I have a tensor with a batch of multi-channel 2D image patches and I want to efficiently apply the same convolutional filters to each image patch. How can I do this?

Let’s say:

B = # batches

N = # patches per batch

C = # input channels per patch

D = # output channels per patch

H = height of patch

W = width of patch

My input tensor `x`

is B x N x C x H x W.

Given a convolution function `conv(x)`

, I want to be output to output B x N x D x H x W.

Typically, these patches are spatially fairly small, on the order of 8x8 pixels or so. However, N can be like 20,000+.

I have tried collapsing the first two dimensions to a BN x C x H x W tensor, but it appears that PyTorch’s convolution implementation is designed such that the convolution operation is parallelized per batch within a for-loop. Thus, I’m just looping over BN batches sequentially. This is quite slow (I’ve tested it) and doesn’t really take advantage of a GPU at all as it’s largely sequential.

The other thing I looked at was a grouped convolution. I collapsed dimensions `1`

and `2`

so I had a B x NC x H x W tensor, and then set `groups=N`

. However this results in a B x D x H x W output, whereas I would be looking for a B x ND x H x W output. If I explicitly provide that multiplier to the number of channels (e.g. `out_channels=N*1024`

or something), however, PyTorch tries to initialize a massive weight matrix for the convolution, which is certainly unnecessary and obviously exceeds the capabilities of my device.

Finally, I considered tiling the patches so that the tensor was B x C x NH x W (or some variation thereof), but this would now require some funky striding or padding to make sure I wasn’t sampling between patches.
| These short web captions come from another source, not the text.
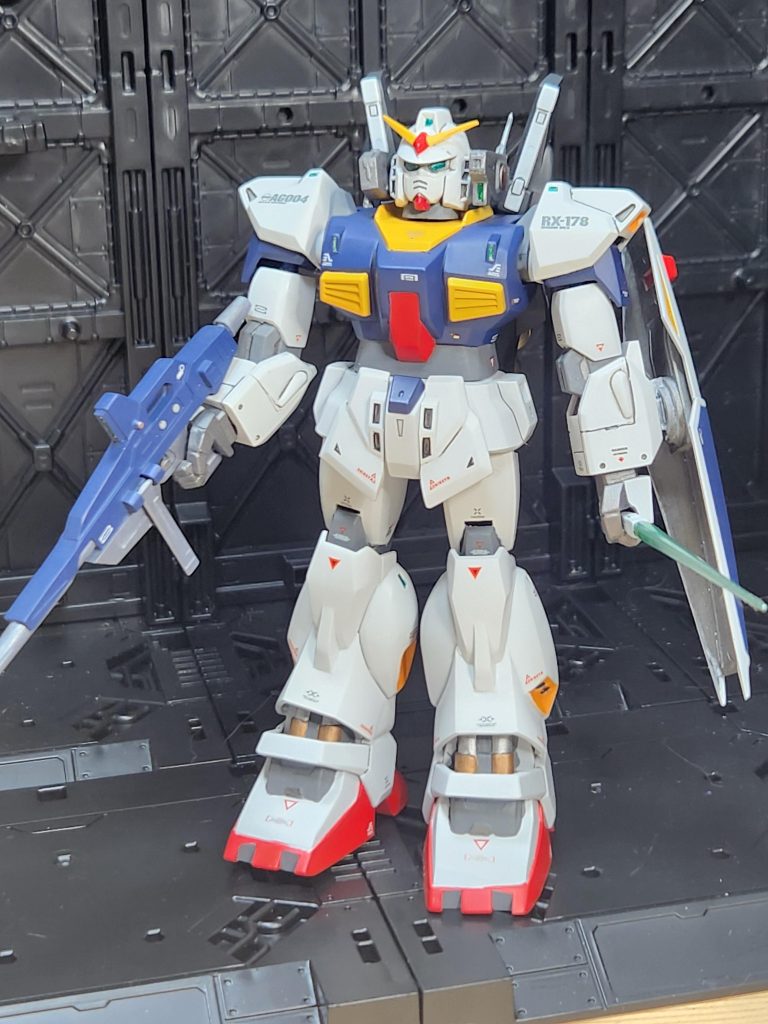 旧キットはどれもマスク部分が大きく、顔のバランスが悪い気がしますね。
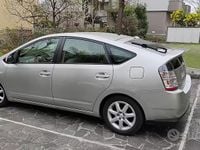 Usata Toyota Prius 113 CV (83 kW) 2004 Grigio Utilitaria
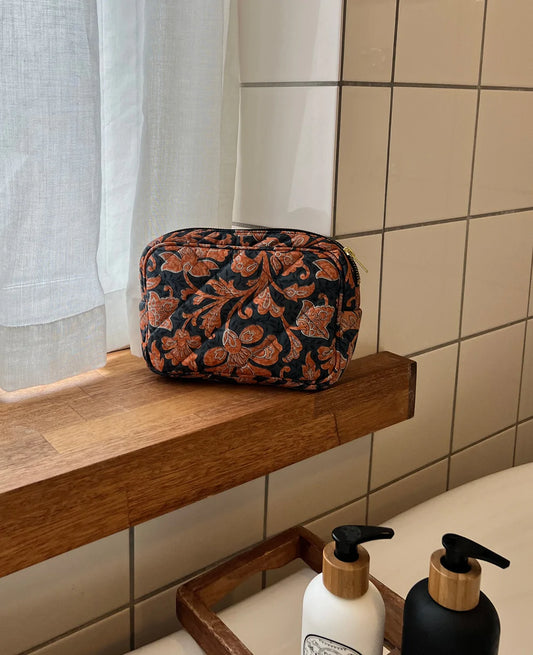 Julie Silk Cosmetic Bag - No. 94 by Sissel Edelbo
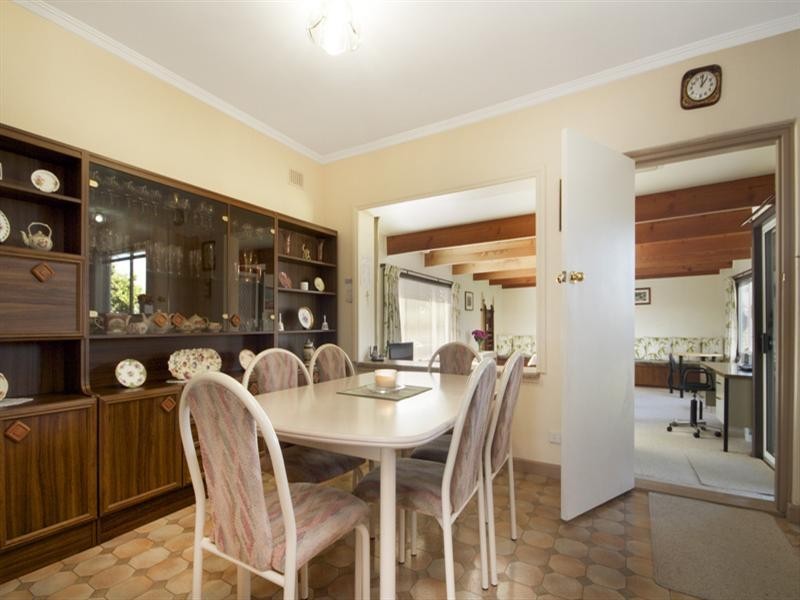 8 O’Loughlin Road, Valley View SA 5093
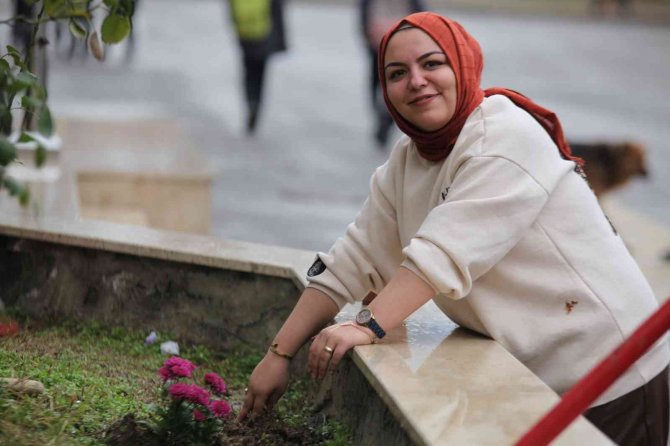 Geleceğe Nefes İçin Öğretmenlerin Adına 70 Fidan Dikildi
*In summary, I am looking for an efficient operation that will apply a D x C x K x K weight matrix to my B x N x C x H x W input tensor and produce a B x N x D x H x W output tensor.* That is, a convolution in groups, but not a grouped convolution. **Is this possible using the existing tools in PyTorch?** Everything is so nicely aligned in memory that is seems like it ought to be. I am open to any necessary permutation of dimensions.